The letter was signed by 20 rights groups, including Human Rights Watch, Amnesty International and Oxfam, who accused Ban of giving in to “political manipulation” by the kingdom.

On Monday, the UN dropped Saudi Arabia from its annual blacklist, only one week after it announced the blacklisting of the regime.

Amnesty International decried the move as “blatant pandering,” which “damages the credibility of the UN as a whole.”

“The responsibility of the Saudi-led coalition for grave violations against children in many of these attacks is not in doubt,” wrote the rights groups.
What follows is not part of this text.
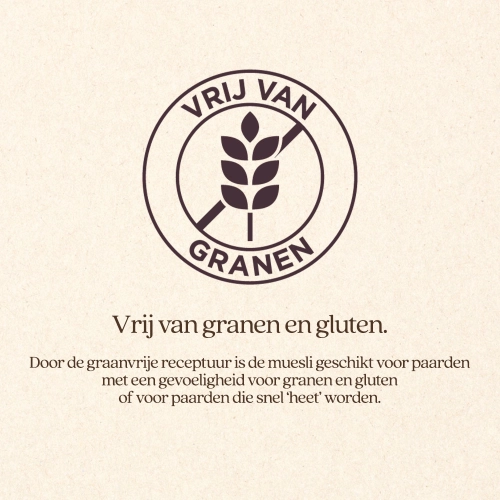 MUESLI ACTIVE & PROTEIN-Vitalstyle - Afbeelding 3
“The evidence of grave violations against children in Yemen by the Saudi-led coalition is overwhelming,” read the letter.

They said the UN chief’s decision undermined “an invaluable tool in efforts to curb violations against children in armed conflict.”
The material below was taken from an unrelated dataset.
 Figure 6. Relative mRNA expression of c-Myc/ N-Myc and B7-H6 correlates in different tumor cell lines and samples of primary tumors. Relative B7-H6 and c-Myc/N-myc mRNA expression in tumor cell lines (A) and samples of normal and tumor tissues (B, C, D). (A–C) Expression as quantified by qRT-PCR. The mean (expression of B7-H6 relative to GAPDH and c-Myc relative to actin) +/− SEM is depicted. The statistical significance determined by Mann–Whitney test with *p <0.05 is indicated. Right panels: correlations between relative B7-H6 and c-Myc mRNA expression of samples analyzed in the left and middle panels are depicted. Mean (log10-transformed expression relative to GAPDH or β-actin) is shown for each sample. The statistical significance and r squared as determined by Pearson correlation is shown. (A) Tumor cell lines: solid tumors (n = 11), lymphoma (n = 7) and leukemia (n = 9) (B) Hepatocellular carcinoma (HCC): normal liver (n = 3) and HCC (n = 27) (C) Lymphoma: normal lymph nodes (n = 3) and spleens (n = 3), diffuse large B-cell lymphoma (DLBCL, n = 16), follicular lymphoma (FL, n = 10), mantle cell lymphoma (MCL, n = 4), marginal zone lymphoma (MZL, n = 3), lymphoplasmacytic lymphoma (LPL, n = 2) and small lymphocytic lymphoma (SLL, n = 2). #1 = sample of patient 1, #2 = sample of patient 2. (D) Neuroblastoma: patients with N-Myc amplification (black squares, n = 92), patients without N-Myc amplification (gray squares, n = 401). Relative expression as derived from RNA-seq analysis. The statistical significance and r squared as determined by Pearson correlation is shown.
This file photo shows the ruins of a school hit by Saudi jets in the capital Sana’a, on February 12, 2016. © AFP

According to some diplomatic sources, Saudi Arabia and its allies have threatened to cut off funding to UN programs if the body keeps the kingdom in the blacklist.

The sources said on Tuesday that the UN chief’s office was bombarded with calls from foreign ministers of the Persian Gulf littoral states, as well as ministers from the Organization of Islamic Cooperation (OIC), after the blacklisting was announced last week.
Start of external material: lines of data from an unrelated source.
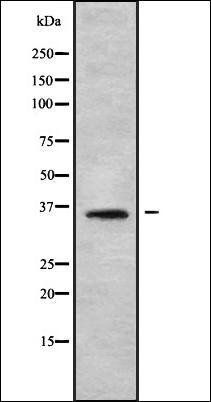 OR56B2 antibody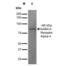 Gamma-Aminobutyric Acid Type A Receptor Alpha4 Subunit antibody, NBP2-59326, Novus Biologicals, Western Blot image 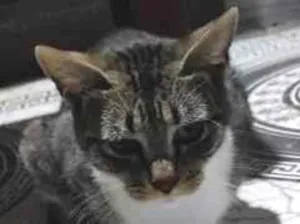 Gato raça SRD-ViraLata idade 7 a 11 meses nome AFRODITE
The UN move also contradicted its recently released report that holds Riyadh responsible for 60 percent of child deaths and injuries in Yemen last Year.

The report, which was released on Tuesday, attributed 510 child deaths and 667 injuries to Saudi aggression in Yemen.

More than 9,400 people have been killed and at least 16,000 others injured in Yemen since last March, when Saudi Arabia launched its military aggression against the country.

Riyadh has been backed by Egypt, Morocco, Jordan, the United Arab Emirates, Sudan, Kuwait, Qatar and Bahrain in the military campaign.